Let's see how from a high-level how you would approach that.

Let's get back into the browser and let's put this down here. You can see okay. Your boss said, "Okay. Let's add a button here." I've already taken the liberty of actually putting a button up here. Of course this button if you click on it does nothing. It's just a button.

Your boss says, "Oh I'm glad the button is there but now it looks kind of bland." He says, "My daughter has got to put her own website up and it's being hosted by GoDaddy and they have real, cool, green buttons. I'd like a nice GoDaddy button here."

What you can do is go to someplace like GoDaddy. You can see that they've got a nice looking green button here.

If you want to bring this button into APEX, how do you go about approaching that problem?

One of the first things you want to do is come to the GoDaddy button and simply right-click on it. "Inspect Element." There you go. Now we can see on the HTML side, it's automatically highlighted for us. We can see that that button is really not a button. It is actually in fact an anchor tag. That is good information to get.

These id's and classes are of course specific to GoDaddy, so you're not too worried about that. But what you want to do is have a look at the styling over here because fundamentally, what you want to do is copy the styling from here into APEX. So what you do is you start clicking on these checkmarks. You see that minimum width does have an effect.

One a time, just go through some of these things. The alignment of the text goes from center if you click that off, so that seems to be important. If you go through the styling elements here and figure out what's important to you. That block stuff seems important, the background color of course is important, and you keep on going. You see down here the border bottom. If you click that off, you see that that little underline at the bottom of the button goes away if you click that off. So that's fairly important.
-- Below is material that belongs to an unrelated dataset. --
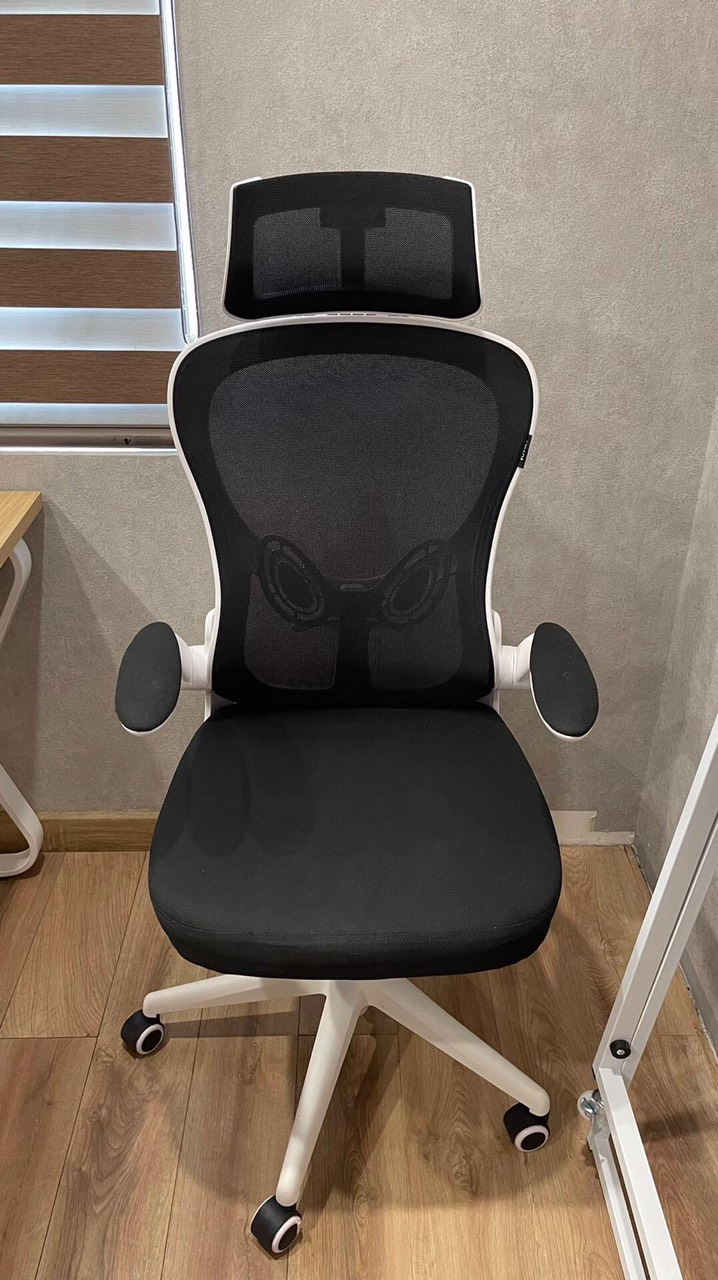 Ghế Công Thái Học HBADA HDNY163 Xoay Văn Phòng Cao Cấp - Điện Máy Plus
What you do here is once you find out what's important, you can highlight all of this and copy it somewhere to a text file. Of course, I've already done that. I just don't want to do the details here for you. I'm just showing you the overall general approach. You come here, you find out what the styling is, and then you go back to APEX and you look at your APEX button. You go, "Okay, I got this GoDaddy styling. How do I get it inside APEX?"

One of the first things you can do of course is right-click on your index button and inspect the element. Have a quick look at it.

Here you see instead of a reference, you actually got a span tag here that's surrounding the text that might be useful, it might not be. But that's good information to have. You actually see that the button itself just like the GoDaddy button is an anchor tag. This is an indication that we're probably in good shape here for pulling that in. Here, in this case, you really don't care about the style because you really want to replace the style.

Now where do you go to replace the style? Let's have a look at the button here. Let's put the developer tool down. Now let's look at the button itself.

We'll go into the APEX development environment. Let me just make this just a bit bigger. There we go.

We go and edit the page. Let's double-click on the button.

What we want to do here is maybe look at the attributes to find a little more about this button. The style is template-based. It gives us a bit of information. It's using a template called "Button." That's where the styling comes from.

Let's go into shared components. That's where the templates live.

Here, under "User Interface" tab we have a link here called "Templates." Let's drill in there. Let's filter this by the type of button. This is already pre-selected for us. I did that earlier today. We can see that there is our template button. Let's click on that and see what we've got here.

The interesting stuff of course is in the definition. We can see here is where our anchor tag is actually in fact defined. You see it's a href class, etc. and here's the span. There's the label that's got substitution variable here. That looks pretty straightforward.

Since this is just HTML, it is quite possible for us to actually add a style tag. But we don't want to do it here because this particular template is probably used in many other places in our application, so we go on to break the entire application.